--- THE INPUT ---

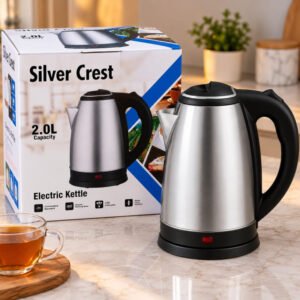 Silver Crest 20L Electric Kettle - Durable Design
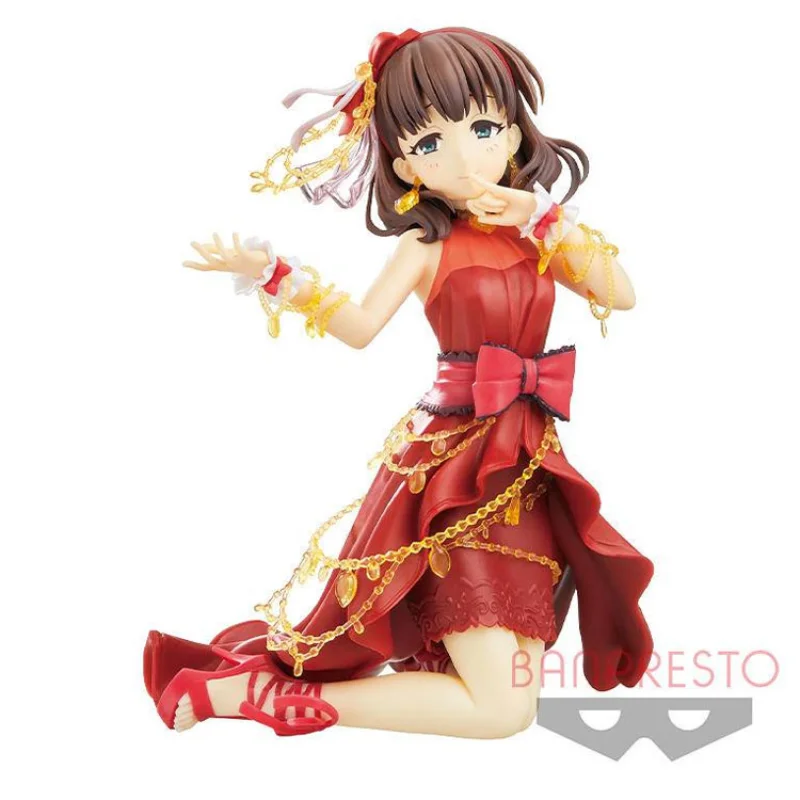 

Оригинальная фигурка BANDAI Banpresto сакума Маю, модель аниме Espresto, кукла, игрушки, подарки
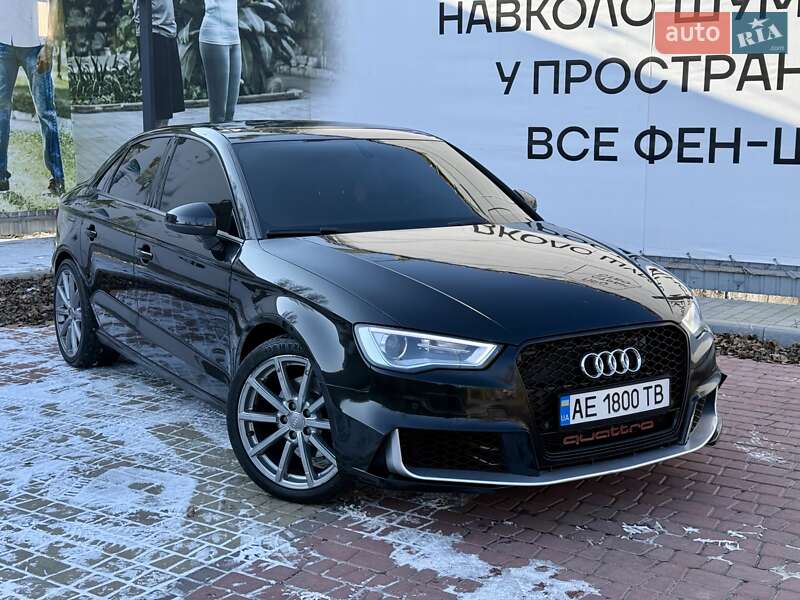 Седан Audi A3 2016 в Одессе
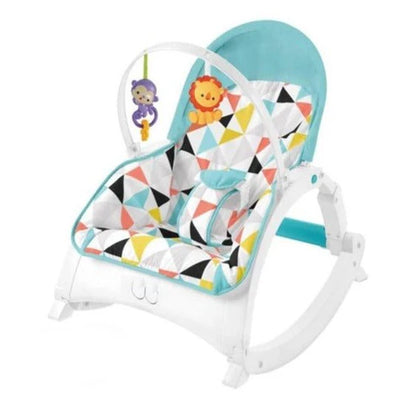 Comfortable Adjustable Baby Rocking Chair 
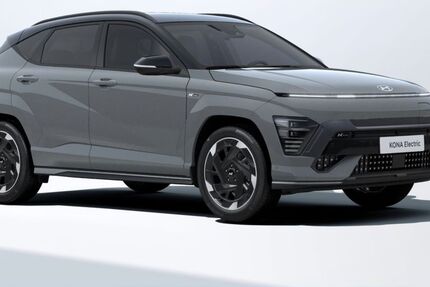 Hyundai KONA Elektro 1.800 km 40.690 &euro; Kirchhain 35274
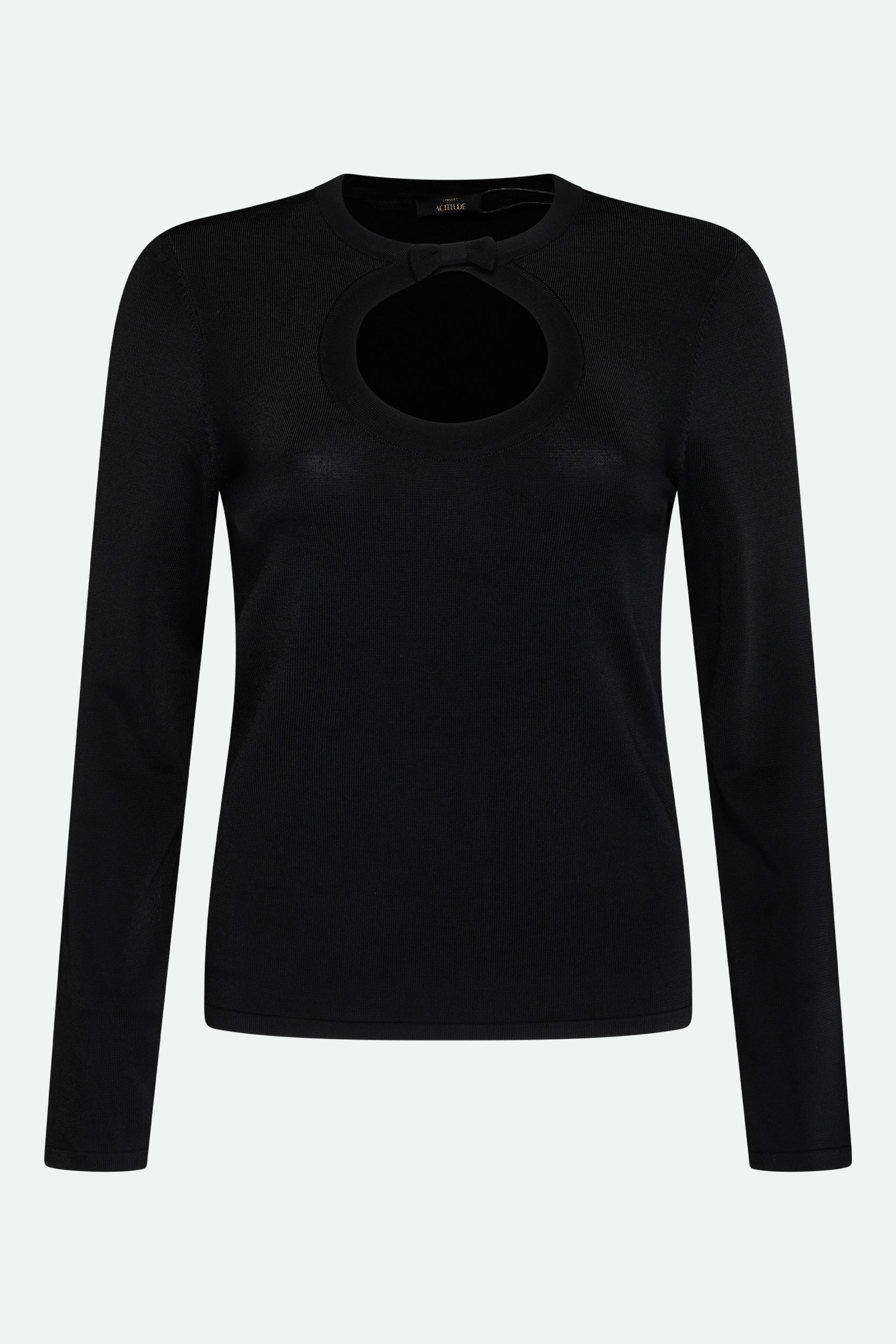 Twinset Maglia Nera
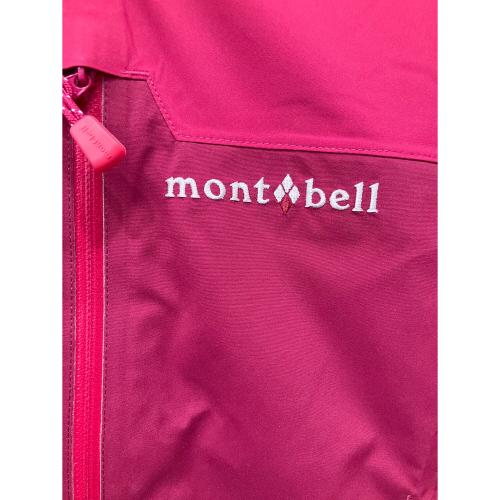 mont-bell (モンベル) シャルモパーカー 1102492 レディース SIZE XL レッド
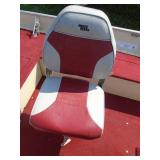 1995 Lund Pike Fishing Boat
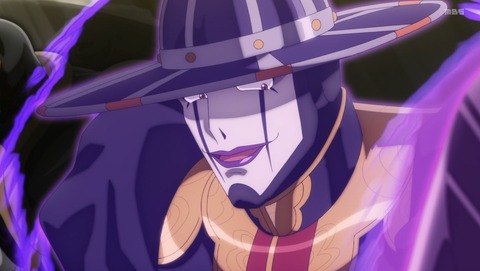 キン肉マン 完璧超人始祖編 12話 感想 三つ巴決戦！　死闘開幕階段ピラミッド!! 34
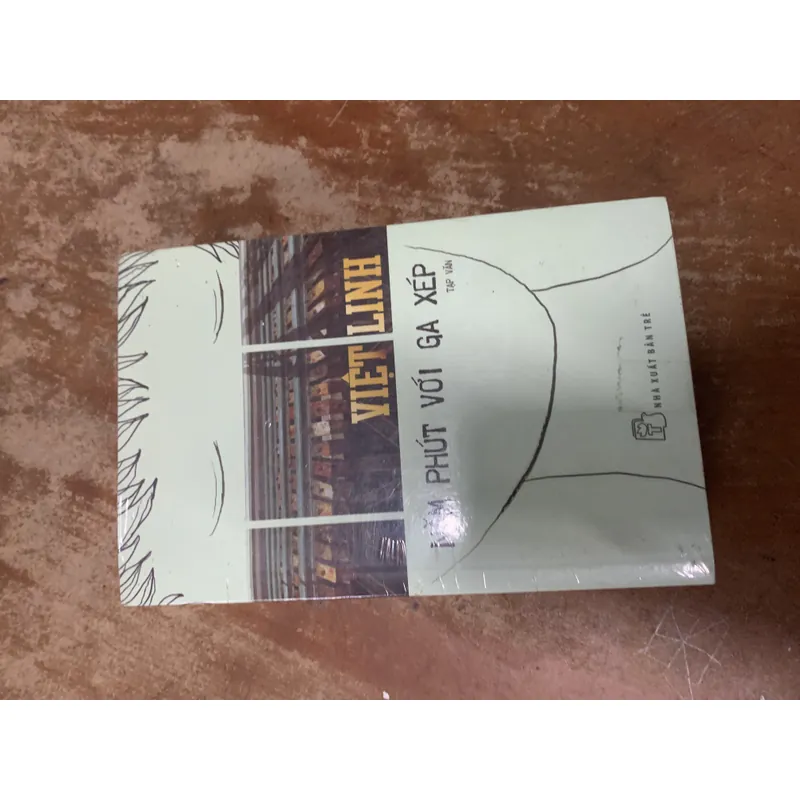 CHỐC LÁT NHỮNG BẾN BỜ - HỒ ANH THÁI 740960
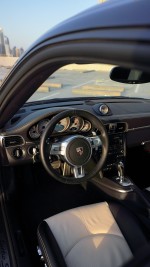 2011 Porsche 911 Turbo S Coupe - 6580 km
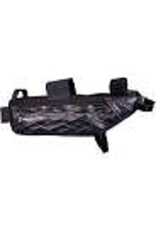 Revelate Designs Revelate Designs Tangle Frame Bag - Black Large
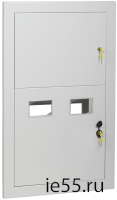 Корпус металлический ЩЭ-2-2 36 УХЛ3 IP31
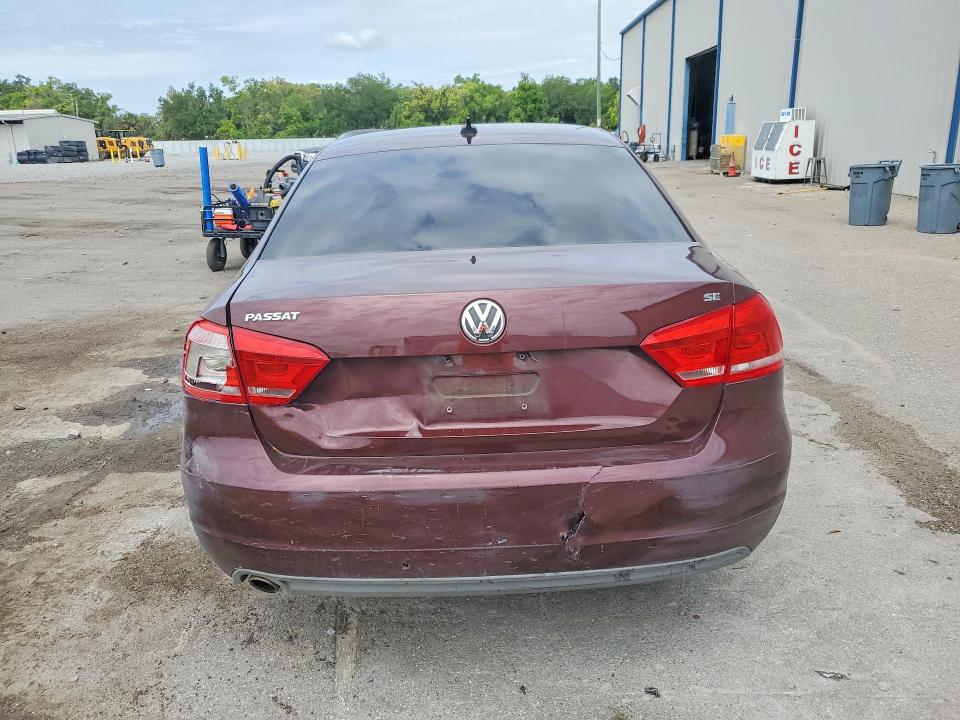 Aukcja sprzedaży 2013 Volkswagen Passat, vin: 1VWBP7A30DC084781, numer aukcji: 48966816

---

REQUIRED WORK
Beginning with the line that holds "Седан Audi A3 2016 в Одессе" and continuing to the end of the entries above, set down each line exactly, both ends included; include no pictures.

EXERCISE OUTPUT
 Седан Audi A3 2016 в Одессе
 Comfortable Adjustable Baby Rocking Chair 
 Hyundai KONA Elektro 1.800 km 40.690 &euro; Kirchhain 35274
 Twinset Maglia Nera
 mont-bell (モンベル) シャルモパーカー 1102492 レディース SIZE XL レッド
 1995 Lund Pike Fishing Boat
 キン肉マン 完璧超人始祖編 12話 感想 三つ巴決戦！　死闘開幕階段ピラミッド!! 34
 CHỐC LÁT NHỮNG BẾN BỜ - HỒ ANH THÁI 740960
 2011 Porsche 911 Turbo S Coupe - 6580 km
 Revelate Designs Revelate Designs Tangle Frame Bag - Black Large
 Корпус металлический ЩЭ-2-2 36 УХЛ3 IP31
 Aukcja sprzedaży 2013 Volkswagen Passat, vin: 1VWBP7A30DC084781, numer aukcji: 48966816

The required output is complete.